PLT Collaborator Jane Hong Receives Prestigious Louisville Institute Grant


Hong’s New Book to Explore Asian Americans and U.S. Evangelicalism

Jane Hong, a frequent Project on Lived Theology collaborator, has received a sabbatical grant from the Louisville Institute. The grant will allow Hong to devote the spring of 2022 to writing her second book, Model Christians, Model Minorities: Asian Americans, Race, and Politics in the Transformation of U.S. Evangelicalism.

“During a time when public discussions of Christianity and religion generally are so polarized, I’m grateful for the time the grant affords me to make sense of how we got here,” said Hong.

Model Christians, Model Minorities will explore the relationship between the demographic transformations resulting from the 1965 Immigration and Nationality Act and the rise of the Religious Right. Specifically, Hong’s book will reflect on how Asians and Asian Americans have changed U.S. evangelicalism; individuals of Asian descent comprise fewer than three percent of U.S. evangelicals but have had an outsized impact on evangelical institutions and communities.

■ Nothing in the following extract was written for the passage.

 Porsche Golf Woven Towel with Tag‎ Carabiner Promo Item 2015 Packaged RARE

According to Hong, “Just as you cannot understand the history of post-WWII evangelical Christianity without Billy Graham and Jerry Falwell, you cannot make sense of contemporary evangelicalism without accounting for Asians and Asian Americans.”

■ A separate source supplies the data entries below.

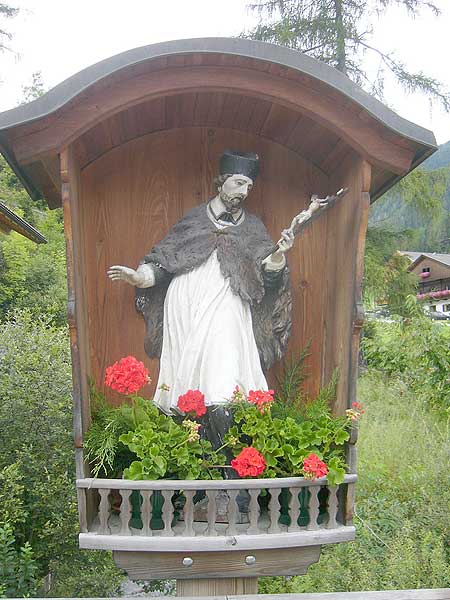 Winnebach: Statue des hl. Nepomuk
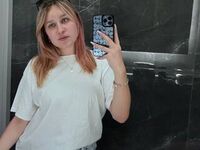girl shaving pussy ChuFlorendo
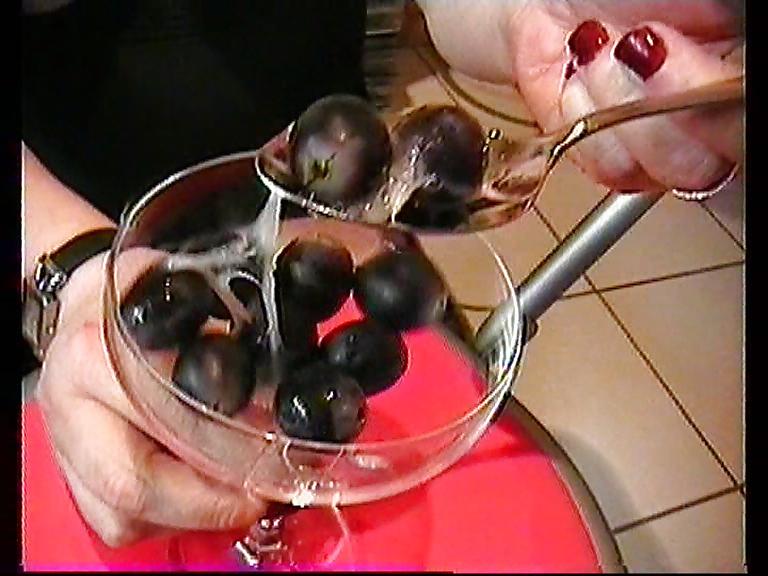 9P Cum on food & drinks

Hong​ is an associate professor of history at Occidental College and the author of ​Opening the Gates to Asia: A Transpacific History of How America Repealed Asian Exclusion (University of North Carolina Press, 2019). She received her Ph.D. in history from Harvard.

Hong was recently a guest lecturer for PLT director Charles Marsh’s University of Virginia undergraduate seminar, “The Civil Rights Movement in Religious and Theological Perspective.” Video of her talk, “Asian Americans and U.S. Civil Rights Movements,” is available here.

In addition, Hong is contributing a chapter on Korean American writer Mary Paik Lee to the upcoming PLT book People Get Ready! Thirteen Jesus-Haunted Misfits, Malcontents and Dreamers for Troubled Times.

Funded by the Religion Division of the Lilly Endowment, the Louisville Institute awards grants and fellowships to those who lead and study North American religious institutions, practices, and movements. The institute’s Sabbatical Grant for Researchers offers grants of up to $40,000, which enable scholars to take up to a full academic year of leave from teaching and administrative responsibilities. This funding allows them to instead focus on research and writing projects that will advance religious and theological scholarship.

 

The Project on Lived Theology at the University of Virginia is a research initiative, whose mission is to study the social consequences of theological ideas for the sake of a more just and compassionate world.